## TO DO
Working from the records below, repeat exactly the lines starting at the line that contains "Greenos Peri Peri" and ending at the line that contains "Pre-owned P448 Leather", inclusive.

+++ AVAILABLE DATA +++

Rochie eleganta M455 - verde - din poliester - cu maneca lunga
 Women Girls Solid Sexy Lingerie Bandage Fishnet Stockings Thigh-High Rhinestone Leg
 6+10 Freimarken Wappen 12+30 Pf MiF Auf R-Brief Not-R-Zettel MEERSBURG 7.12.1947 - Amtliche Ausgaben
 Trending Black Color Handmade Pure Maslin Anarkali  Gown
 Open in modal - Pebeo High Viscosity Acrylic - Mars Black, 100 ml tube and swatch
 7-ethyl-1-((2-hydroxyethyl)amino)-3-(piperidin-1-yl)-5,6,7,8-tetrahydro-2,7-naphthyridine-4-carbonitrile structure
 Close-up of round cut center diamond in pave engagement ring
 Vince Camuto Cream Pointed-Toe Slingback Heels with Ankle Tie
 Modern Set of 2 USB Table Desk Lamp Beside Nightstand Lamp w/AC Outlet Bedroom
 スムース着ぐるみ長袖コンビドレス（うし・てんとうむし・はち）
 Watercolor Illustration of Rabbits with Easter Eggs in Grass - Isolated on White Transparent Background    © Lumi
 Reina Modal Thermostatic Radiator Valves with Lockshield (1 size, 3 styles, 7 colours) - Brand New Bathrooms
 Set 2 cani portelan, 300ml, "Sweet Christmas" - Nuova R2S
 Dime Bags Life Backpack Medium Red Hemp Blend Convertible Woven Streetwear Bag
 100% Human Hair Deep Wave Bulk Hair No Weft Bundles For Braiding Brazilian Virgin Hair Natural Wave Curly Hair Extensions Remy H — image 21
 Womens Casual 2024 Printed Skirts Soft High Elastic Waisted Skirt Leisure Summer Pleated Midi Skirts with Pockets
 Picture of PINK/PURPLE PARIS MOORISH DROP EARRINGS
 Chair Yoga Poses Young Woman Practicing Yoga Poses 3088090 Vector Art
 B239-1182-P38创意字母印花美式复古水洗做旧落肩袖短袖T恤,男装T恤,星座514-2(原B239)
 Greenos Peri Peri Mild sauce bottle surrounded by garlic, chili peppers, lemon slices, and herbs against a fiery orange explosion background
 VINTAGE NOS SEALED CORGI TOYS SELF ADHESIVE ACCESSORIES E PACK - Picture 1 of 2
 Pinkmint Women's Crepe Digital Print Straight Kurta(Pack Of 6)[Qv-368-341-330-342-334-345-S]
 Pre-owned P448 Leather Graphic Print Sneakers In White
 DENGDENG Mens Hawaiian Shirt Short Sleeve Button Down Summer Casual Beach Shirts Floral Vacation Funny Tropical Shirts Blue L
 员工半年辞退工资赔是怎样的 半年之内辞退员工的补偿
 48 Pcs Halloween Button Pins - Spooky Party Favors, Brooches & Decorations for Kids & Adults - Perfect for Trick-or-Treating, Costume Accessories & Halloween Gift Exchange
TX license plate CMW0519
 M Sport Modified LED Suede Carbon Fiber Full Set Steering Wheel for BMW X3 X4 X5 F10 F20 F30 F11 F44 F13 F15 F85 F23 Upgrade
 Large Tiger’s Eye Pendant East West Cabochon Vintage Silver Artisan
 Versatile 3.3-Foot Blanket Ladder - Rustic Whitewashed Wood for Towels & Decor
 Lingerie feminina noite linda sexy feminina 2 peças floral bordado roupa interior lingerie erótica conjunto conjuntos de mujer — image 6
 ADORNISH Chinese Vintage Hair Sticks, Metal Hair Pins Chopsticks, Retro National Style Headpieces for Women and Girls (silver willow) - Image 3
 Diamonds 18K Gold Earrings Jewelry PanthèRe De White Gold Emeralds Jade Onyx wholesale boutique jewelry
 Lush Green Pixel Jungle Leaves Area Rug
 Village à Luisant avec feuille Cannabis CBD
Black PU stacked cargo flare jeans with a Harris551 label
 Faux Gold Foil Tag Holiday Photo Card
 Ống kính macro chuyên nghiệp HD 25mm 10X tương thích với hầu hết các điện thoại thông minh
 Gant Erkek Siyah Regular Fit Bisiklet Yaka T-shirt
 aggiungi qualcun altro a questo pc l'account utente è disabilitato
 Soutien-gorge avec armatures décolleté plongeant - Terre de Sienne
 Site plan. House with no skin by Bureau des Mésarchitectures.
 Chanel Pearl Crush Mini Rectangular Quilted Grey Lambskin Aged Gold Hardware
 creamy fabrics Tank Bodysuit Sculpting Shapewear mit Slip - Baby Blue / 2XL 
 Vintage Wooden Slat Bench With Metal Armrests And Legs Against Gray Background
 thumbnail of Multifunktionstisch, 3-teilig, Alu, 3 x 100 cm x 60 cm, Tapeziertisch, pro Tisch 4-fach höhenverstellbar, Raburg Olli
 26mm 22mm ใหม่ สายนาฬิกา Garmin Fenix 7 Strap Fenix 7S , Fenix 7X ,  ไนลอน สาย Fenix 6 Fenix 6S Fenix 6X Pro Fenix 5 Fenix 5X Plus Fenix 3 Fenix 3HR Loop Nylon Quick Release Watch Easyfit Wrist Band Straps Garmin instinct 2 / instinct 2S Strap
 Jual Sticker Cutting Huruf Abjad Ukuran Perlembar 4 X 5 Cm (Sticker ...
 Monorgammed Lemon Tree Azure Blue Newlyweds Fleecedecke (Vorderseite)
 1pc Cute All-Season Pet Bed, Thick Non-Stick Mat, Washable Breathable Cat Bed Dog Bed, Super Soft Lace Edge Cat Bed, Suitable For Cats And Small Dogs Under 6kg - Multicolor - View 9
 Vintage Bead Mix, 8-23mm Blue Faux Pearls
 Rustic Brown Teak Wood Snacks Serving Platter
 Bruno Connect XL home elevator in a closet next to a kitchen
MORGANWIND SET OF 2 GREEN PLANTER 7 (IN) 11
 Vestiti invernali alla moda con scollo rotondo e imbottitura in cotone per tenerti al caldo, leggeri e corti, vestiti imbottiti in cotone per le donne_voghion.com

+++

## SOLUTION TO THE PROBLEM
 Greenos Peri Peri Mild sauce bottle surrounded by garlic, chili peppers, lemon slices, and herbs against a fiery orange explosion background
 VINTAGE NOS SEALED CORGI TOYS SELF ADHESIVE ACCESSORIES E PACK - Picture 1 of 2
 Pinkmint Women's Crepe Digital Print Straight Kurta(Pack Of 6)[Qv-368-341-330-342-334-345-S]
 Pre-owned P448 Leather Graphic Print Sneakers In White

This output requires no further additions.